President Obama Visits Puerto Rico

Watch the President's full remarks here.

Today, President Obama traveled to San Juan, Puerto Rico for the first official visit by a sitting U.S. President to the island since President Kennedy visited in 1961. The visit follows a comprehensive report of the President’s Task Force on Puerto Rico’s Status, which provides a meaningful way forward on the question of status while making significant recommendations important to Puerto Rico’s economic development.

President Barack Obama delivers remarks at Luis Munoz Marin

President Barack Obama delivers remarks at the arrival ceremony at Luis Munoz Marin International Airport in San Juan, Puerto Rico, June 14, 2011. (Official White House Photo by Samantha Appleton)

A woman cheers at the arrival ceremony at Luis Munoz Marin

A woman cheers President Barack Obama at the arrival ceremony at Luis Munoz Marin International Airport in San Juan, Puerto Rico, June 14, 2011. (Official White House Photo by Pete Souza)

President Obama La Fortaleza

President Barack Obama tours La Fortaleza, the official residence of the Governor of Puerto Rico, with Gov. Luis Fortuno, First Lady Luce Vela de Fortuno and Rep. Pedro Pierluisi in San Juan, Puerto Rico, June 14, 2011. (Official White House Photo by Pete Souza)

President Obama greets audience members

President Barack Obama greets audience members at the arrival ceremony in San Juan, Puerto Rico, June 14, 2011. (Official White House Photo by Pete Souza)

President Obama San Juan Airport

President Barack Obama delivers remarks at a welcome event at Luis Munoz Marin International Airport in San Juan, Puerto Rico, June 14, 2011. (Official White House Photo by Samantha Appleton)

In his remarks, the President acknowledged the Puerto Rican men and women who serve in uniform and told the story of Juan Castillo, a World War II and Korean War vet, that's a couple of months away from his 101st birthday:

Juan’s legacy is carried on by Puerto Ricans in Iraq and Afghanistan; men and women like Chief Master Sergeant Ramon Colon-Lopez, of the United States Air Force. In 2004, Ramon’s team was going after a high-value target in Afghanistan.  His helicopter was seriously damaged by hostile fire.  In the thick of battle, he didn’t know how large the force that he was up against.  But he pressed on anyway, and his team killed or captured 12 enemy fighters.  Because of his bravery, he was the first Hispanic American to be awarded the Air Force Combat Action Medal. 

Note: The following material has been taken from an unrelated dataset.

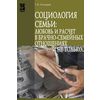 Социология семьи: любовь и расчет в брачно-семейных отношениях и не только.. Учебное пособие. Гриф МО РФ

And I tell this story because for decades, Puerto Ricans like Juan and Ramon have put themselves in harm’s way for a simple reason:  They want to protect the country that they love.  Their willingness to serve, their willingness to sacrifice, is as American as apple pie –- or as Arroz con Gandules.  The aspirations and the struggles on this island mirror those across America.

He highlighted the steps Puerto Rican workers are taking to create a clean energy economy, citing the example of the Cuartel de Ballaja, which he spoke in front of during a visit in 2008. This building, home to so many chapters of Puerto Rican history, is now being turned into a model of energy efficiency with an estimated 57 percent energy savings.

Those are the kinds of steps it will take for Puerto Rico to win the future and for America to win the future. That’s what we do in this country.  With each passing decade, with each new challenge, we reinvent ourselves.  We find new ways to solve our problems.  We push forward. 

And we do so in a way that gives every one of our people a shot at the dream that we all share -– the dream that if you’re willing to work hard and take responsibility, you can build a better life for your family.  You can find a job that’s secure, provides decent wages, provides for your children, provides for your retirement.  That’s what people are hoping for, and it’s not too much to ask.

Puerto Rico, I don’t need to tell you that we’re not there yet.  We’re not where we need to be.  But in these challenging times, people on this island don’t quit.  We don’t turn back.  People in America don’t quit.  We don’t turn back.  We place our bets on entrepreneurs and on workers and on our families.  We understand that there is strength in our diversity.  We renew the American Dream.  We have done it before.  We will do it again.